Thank you very much.

  • 0
    Please ignore my previous faulty answer. Sorry!2012-06-07
  • 0
    @Potato It's ok. It happens.2012-06-07

2 Answers 2

3

Let $S=\{\langle x,y,z\rangle:x^2+y^2+z^2=1\}$; this is the surface of the sphere of radius $1$ centred at the origin. What points must be removed from $S$ to get $P$? You have to remove the points the points $\langle x,y,z\rangle\in S$ such that $x^2+y^2=0$. Which points are these?

If $\langle x,y,z\rangle\in S$, then $x^2+y^2+z^2=1$, so if in addition $x^2+y^2=0$, it must be that $z^2=1$, and hence $z=\pm 1$. That is, the only points of $S$ that are removed to get $P$ are $\langle 0,0,1\rangle$ and $\langle 0,0,-1\rangle$. You could think of these two points as the north and south poles of $S$; $P$ is then everything except these two poles.
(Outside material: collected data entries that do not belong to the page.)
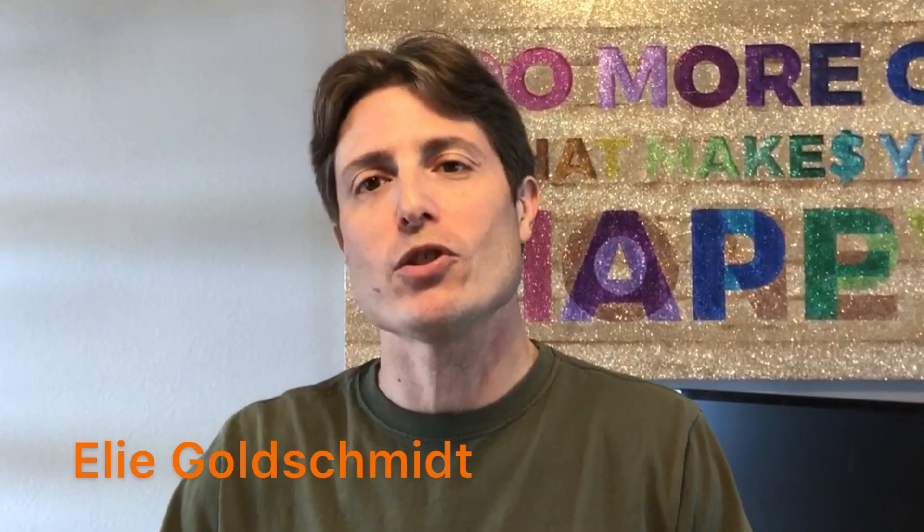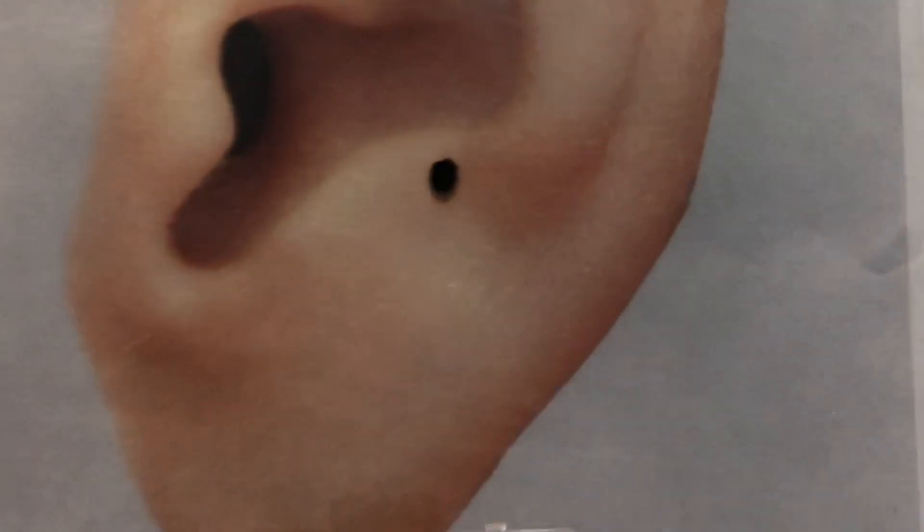Hey, Eli Goldschmidt here, and I wanted to talk to you about one auricular point that's pretty impressive. That point is located right over here, and it's called the occiput point.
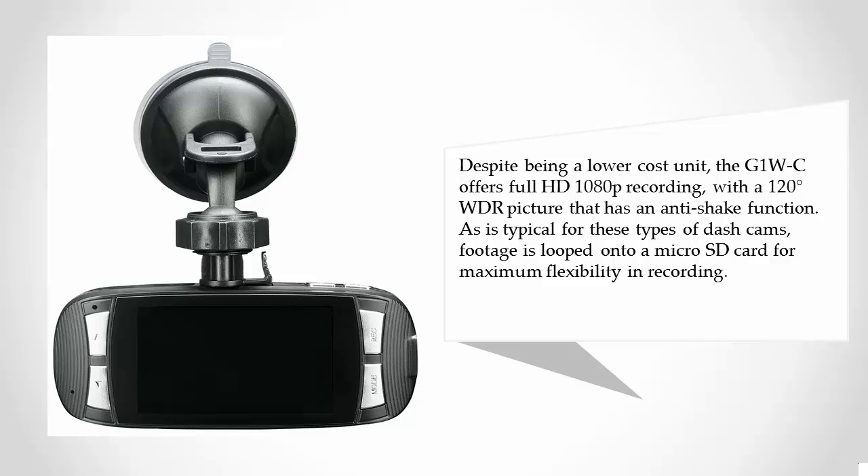As is typical for these types of dash cams, footage is looped onto a micro SD card for maximum flexibility and recording.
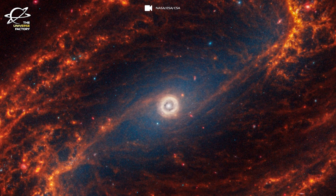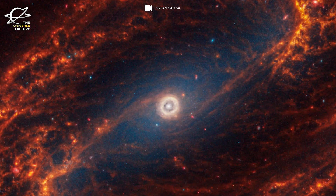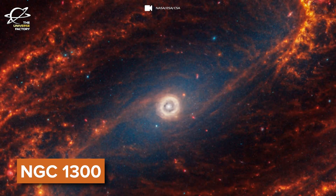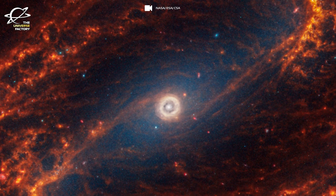This aspect of newly imaged spiral galaxies is particularly prominent in the image of barred spiral galaxy NGC 1300, located 69 million light years away in the constellation Eridanus.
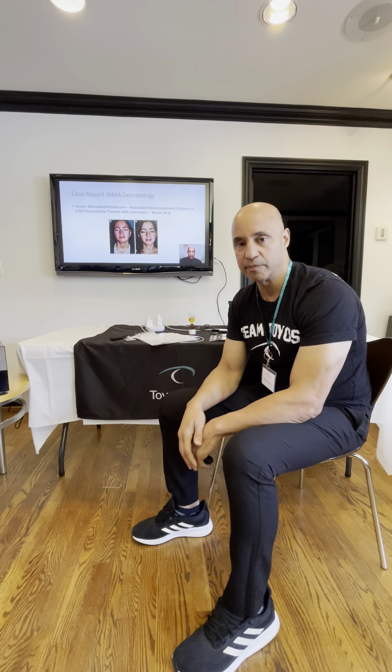For more information you can go to teamtoyos.com, email us at dryeyeatoyosclinic.com, or call 646-630-0218. You can set up a telehealth visit and we can prescribe you the ivermectin with melatonin. Thanks for tuning in.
You should have little trouble showing that $P$ is connected.

For example, notice that if $p$ and $q$ are distinct points of $P$, you can travel from $p$ to $q$ without leaving $P$: just follow a line of constant longitude from $p$ to the equator, then go round the equator until you reach the longitude of $q$, and finally follow a line of constant longitude from the equator to $q$.

  • 0
    Thank you very much sir. I have one doubt; Here two points are removed and still set is connected. How many points can we removed so that set still remains connected? I mean can we removed countably infinite number of points and still set is connected?2012-06-07
  • 0
    @srijan, note that if you remove *half* the equator, the remainder is still connected.2012-06-07
  • 0
    @srijan: Think about it. You could remove large chunks from the surface (ie. uncountably many points) and the remaining will still be path connected.2012-06-07
  • 0
    @Lubin These points are very informative for me. I think its because both the hemispheres are path connected. Even if we remove half the equator we can connect two points. As i understand. Am i correct sir?2012-06-07
  • 1
    If you remove the entire equator except for one point it will remain path connected. Just creates a very busy point :-).2012-06-07
  • 1
    @srijan: Thank **you**. As you may have guessed, I like explaining things. :-)2012-06-07
  • 0
    @BrianM.Scott Thanks for pointing out my error below. I have deleted the answer. I need to brush up on my algebra, apparently.2012-06-07
  • 1
    @Potato: Not to worry: I once squared $2$ and came up with $16$.2012-06-07
  • 0
    I'm still searching for the 2nd even prime...2012-06-07
  • 0
    @BrianM.Scott : That means if i remove finite number of points , it will still remain connected ? am i right ?2012-06-07
  • 0
    @Ananda: Removing finitely many points from a sphere does indeed leave a connected set. So does removing finitely many points from a disk. If you remove two or more points from a circle, however, what’s left is not connected.2012-06-07
  • 0
    @BrianM.Scott : Thanks :) How can i formulate this in abstract sense ? Is there some theorem or anything ?2012-06-07
  • 0
    @Ananda: It really depends enormously on the specific space involved. You might be interested in the notions of [cut point](http://en.wikipedia.org/wiki/Cut-point) and [dispersion point](http://en.wikipedia.org/wiki/Dispersion_point); the Wikipedia articles are stubs, but they give you a starting point.2012-06-07
2

You should try to visualize the set $P$. The only points that are eliminated are those for which $x^2+y^2 = 0$, or in other words, the points for which $x=y=0$. There are only two such points on the sphere corresponding to the north and south poles $(0,0,1), (0,0,-1)$.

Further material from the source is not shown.